Websites to Investigate

 

·         Really Good Stuff website – Books about American Symbols

·         Math Portfolio book from really good stuff

·         Lii.org (library index search engine)

·         Donorschoose.com – put up your project and what you want to do with it, to get money

·         Brainpop.com

·         http://norcalwp.ning.com/forum

·         http://norcalwp.ning.com/main/authorization/signIn?target=http%3A%2F%2Fnorcalwp.ning.com%2F  

 Papers I Wrote
and…Three I Submitted

 

The Club of Writers

 Interesting quote to think about writing as a club that they can be part of. The idea that school is the place to be introduced to the club of writers is also an interesting thought. There is a club of writers and readers but is school the place where we begin this journey? The journey of reading was bridged at home, certainly. The use of writing for thank you cards and letters that invited me to parties was also done at home. What is the thing about school and the idea that school is the center of the universe.

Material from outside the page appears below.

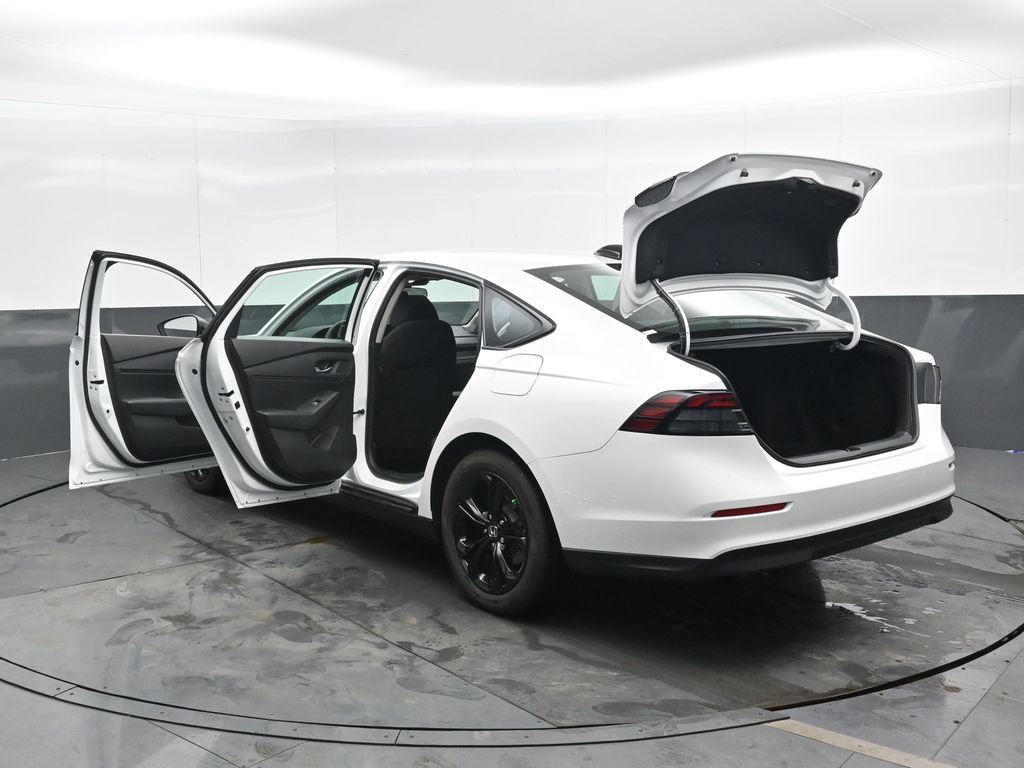 Used 2025 Honda Accord SE image 44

I find my own group of fellow teachers being basically egocentric. They don't make enough money...me either. They have too many kids, work too many hours and nobody appreciates them, me either.

The first quote is that the overemphasis of the elimination of mistakes will result in the elimination of writing. That is true, I do feel that I must approach writing with the idea that someone will read it and to be sure that they can understand what I am saying. I want to be read but I think that writing is the fun part of all this.

Writing is possible. How do kids learn that they can't write? I guess that comes from home, not from school....or does it. Playing is who we get things done. Playing is why we love teaching, because they pay us to play.

I heard that at a doctors office visit, the most important thing is to wait at the end of the meeting where people will either remember or just blurt out the underlying, maybe embarrassing things that they came for in the first place. I wonder if that is like it is in school, when we are asked our opinion we tend to give the most socially secure protective advice.